**EXERCISE DESCRIPTION**: Whatever pictures appear, omit them, and repeat the data below exactly.

**SOURCE DATA**:
»»

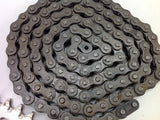 KTM 350 SXF 2013 FRONT AND REAR SPROCKET AND CHAIN 0004C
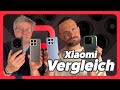 Xiaomi 14 14 Ultra 14T 14T Pro The Model Series In Comparison
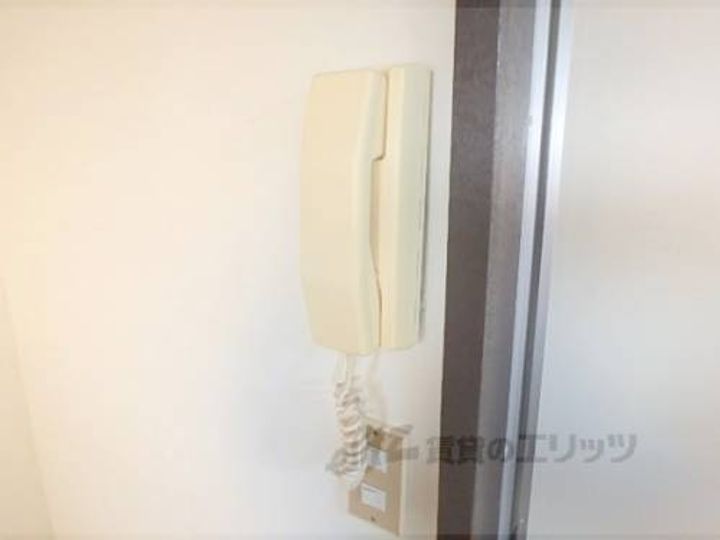 サンハイツ嵯峨野503のその他画像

««

**OUTPUT**:
 KTM 350 SXF 2013 FRONT AND REAR SPROCKET AND CHAIN 0004C
 Xiaomi 14 14 Ultra 14T 14T Pro The Model Series In Comparison
 サンハイツ嵯峨野503のその他画像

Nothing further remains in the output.